Without any pictures, the records below should be reproduced exactly.

(Image-text web data)
◆ ◆ ◆ ◆ ◆ ◆ ◆

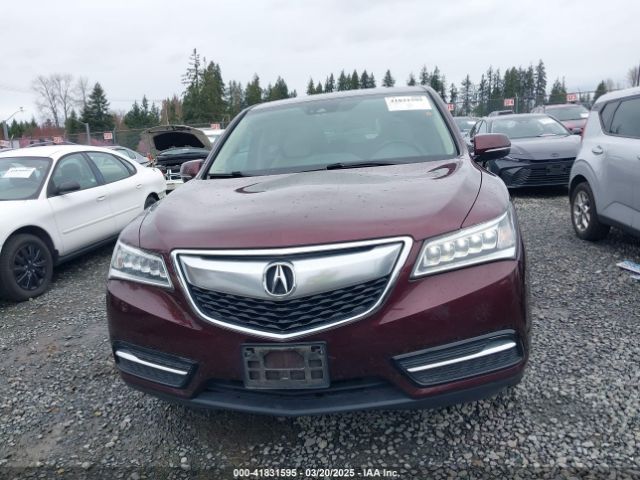 5FRYD3H43GB006000 Acura Mdx Technology   Acurawatch Plus Packages/technology Package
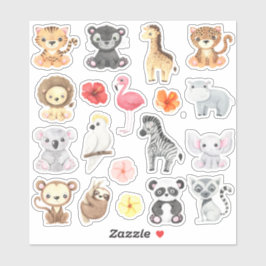 サファリ動物 シール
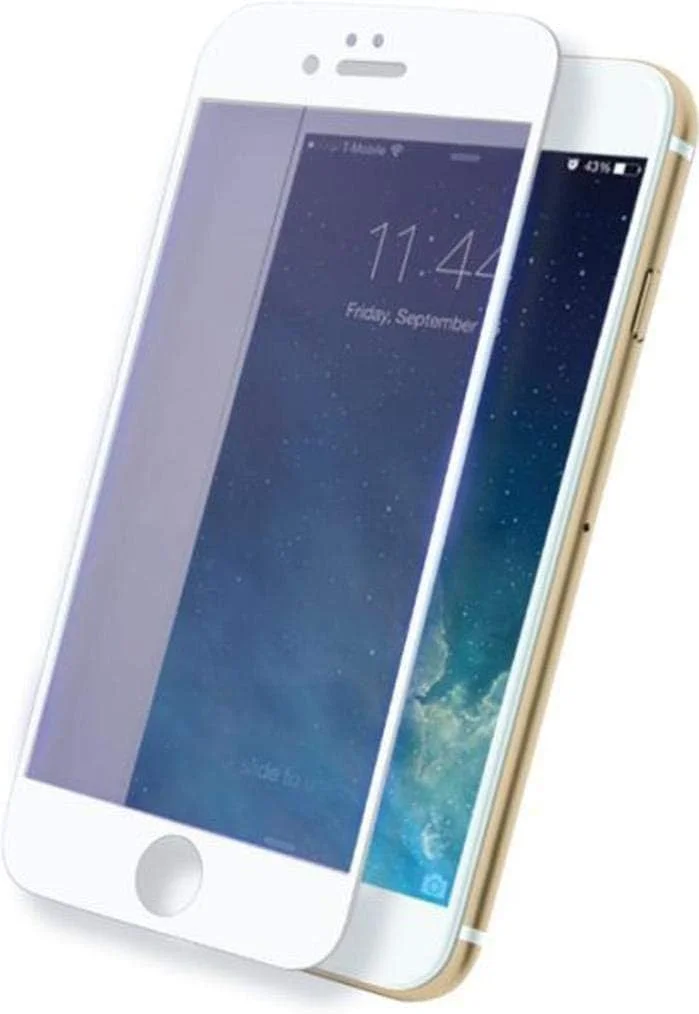 محافظ صفحه نمایش شیشه ای حرارت دیده خمیده سه بعدی با پوشش کامل برای اپل آیفون 8 پلاس - سفید محافظ صفحه نمایش شیشه ای حرارت دیده خمیده سه بعدی با پوشش کامل برای اپل آیفون 8 پلاس - سفید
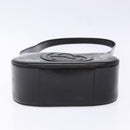 GUCCI Shoulder Bag Patent leather Black Silver 007 2046 0250 Auth ep10775-5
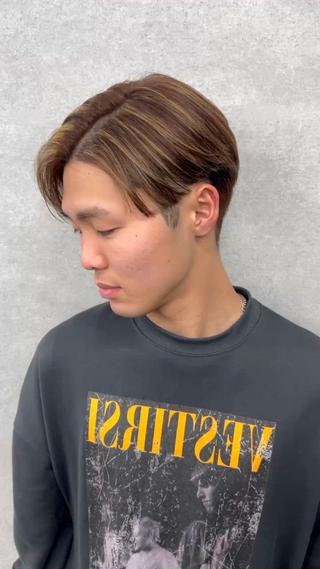 ショート カラー パーマ ヘアアレンジ メンズ 仕上がり満足度No. 1🔥BLUCK🔥のヘアスタイル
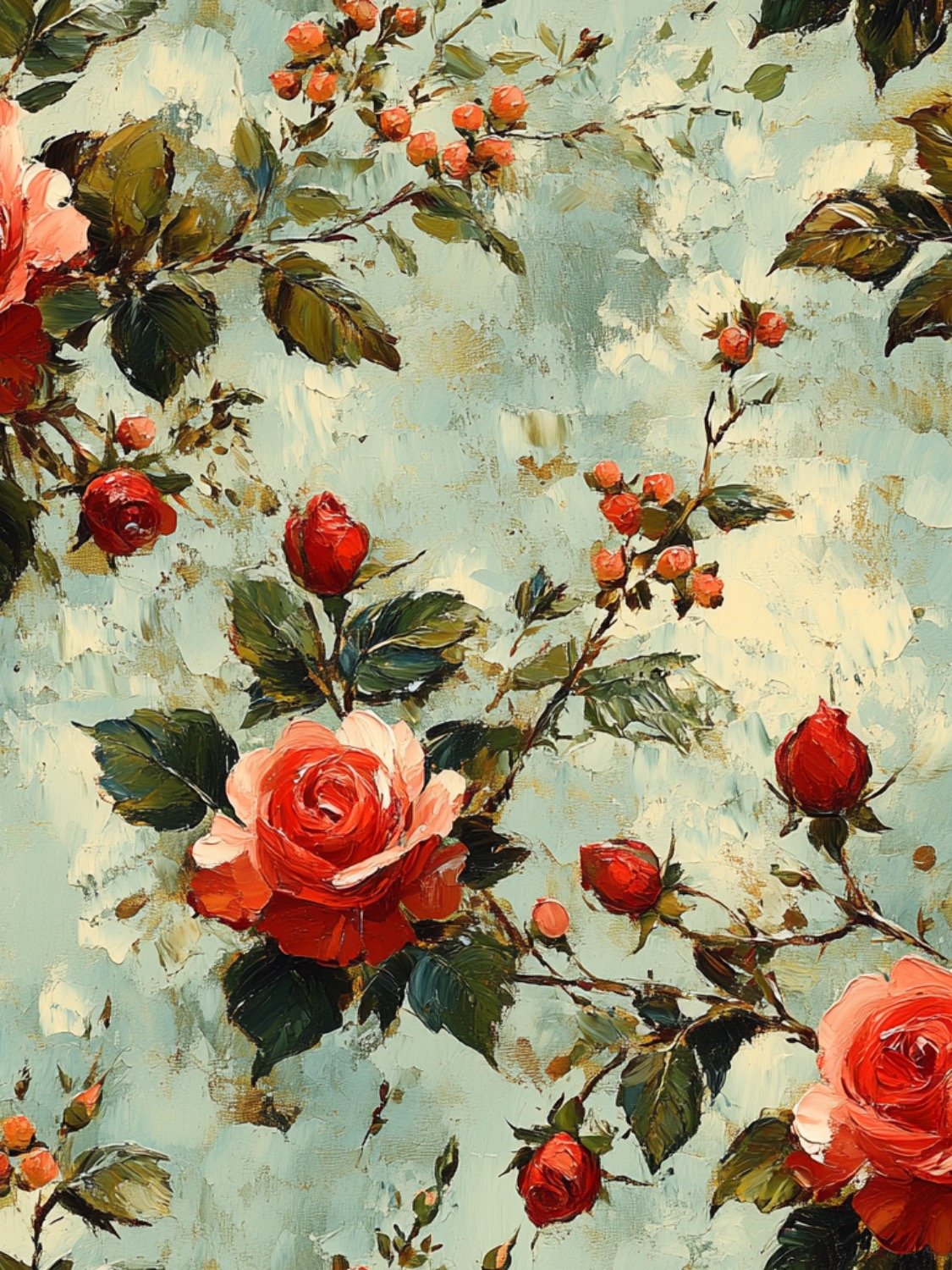 Floral Patterns 100 Images Bundle + 2 Free Cards Digital Download product image (3)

◆ ◆ ◆ ◆ ◆ ◆ ◆

Solution
 5FRYD3H43GB006000 Acura Mdx Technology   Acurawatch Plus Packages/technology Package
 サファリ動物 シール
 محافظ صفحه نمایش شیشه ای حرارت دیده خمیده سه بعدی با پوشش کامل برای اپل آیفون 8 پلاس - سفید محافظ صفحه نمایش شیشه ای حرارت دیده خمیده سه بعدی با پوشش کامل برای اپل آیفون 8 پلاس - سفید
 GUCCI Shoulder Bag Patent leather Black Silver 007 2046 0250 Auth ep10775-5
 ショート カラー パーマ ヘアアレンジ メンズ 仕上がり満足度No. 1🔥BLUCK🔥のヘアスタイル
 Floral Patterns 100 Images Bundle + 2 Free Cards Digital Download product image (3)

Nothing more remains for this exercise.